Needing ID to get into my local library doesn't thrill me either. Add RFID to the card and not only can you be tracked to the library, but also within the library. A comforting thought.

Still, the prospect of being pulled out of line anytime anyplace and being asked "Papers please?" is truly scary. The Supreme Court has already ruled that the police, without cause, can ask you to ID yourself.

Police  "Sir could we see your ID card please?"

Me  "Sure  [digging card out of wallet and handing it to cop] here it is"

Police  "Why are you here?"

me   "I wanted to visit the memorial to view Thomas Jefferson's words in opposition to tyranny."

Police  "Oh, a trouble maker huh, come with us"

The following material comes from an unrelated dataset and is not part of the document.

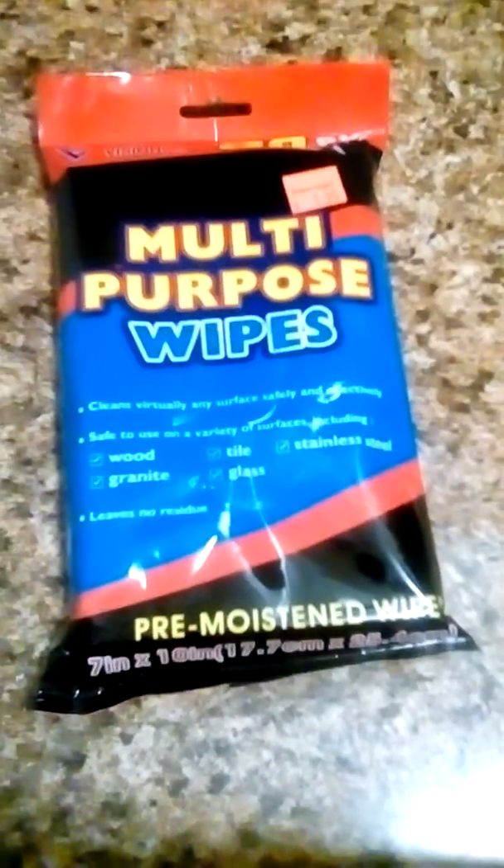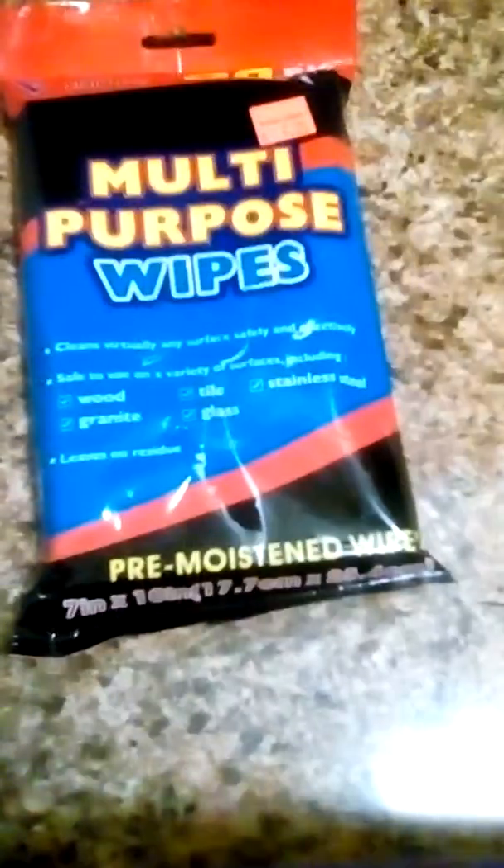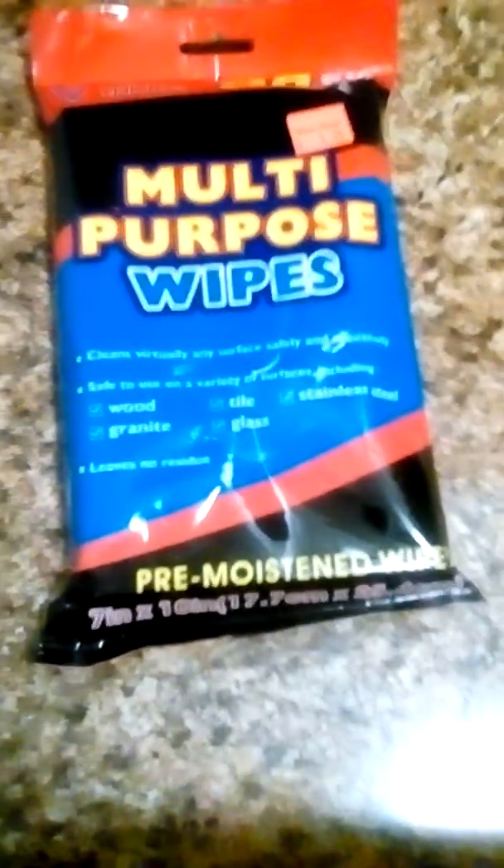This is the Diamond Visions Multi-Purpose Wipes. I'm not sure how many you get in a bag. Thank you.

Wait until the discrimination starts. Latinos and other foreign looking people will be asked to ID themselves constantly to prove they are U.S. citizens. This is going to be a mess.

[/quote]

Talking about this gets my blood boiling!  I know it's still a little early since there are so many potential outcomes.  I love this country dearly, but RFID National ID cards could possibly be enough for me to pack up and move the hell out!  Implants on the other hand would be a clear exit sign for me, if not reason to take up arms (I'm a BIG believer in second amendment rights!!!).

I'm still deciding whether I would be OK with a basic 'national driver's license' type ID akin to a passport.  I'm a huge believer in localized government and the States' ability to regulate themselves.  Federal Government (and the military in my opinion) should be a fraction of the size it is today....

Anybody else have any thoughts on this?

Nov 13, 2006 11:23 pm

[QUOTE]


I'm still deciding whether I would be OK with a basic 'national driver's
license' type ID akin to a passport. I'm a huge believer in localized
government and the States' ability to regulate themselves. Federal
Government (and the military in my opinion) should be a fraction of the
size it is today....


Anybody else have any thoughts on this?


[/quote]


The more you read about Real ID, just as it stands, the less comfortable
you will become.

Nov 14, 2006 11:36 pm

Wow, this is like Bush actions for war are illegal. We all know the court has power to make the law. So these people are guilty and it sucks to be them.



Love to hear people compare some case in 1900 to current tax law. This reminds me of a Michael Moore film. They video tape someone and then analyze it for months and pick apart every word. These people hate the fact that they even spoke to this guy.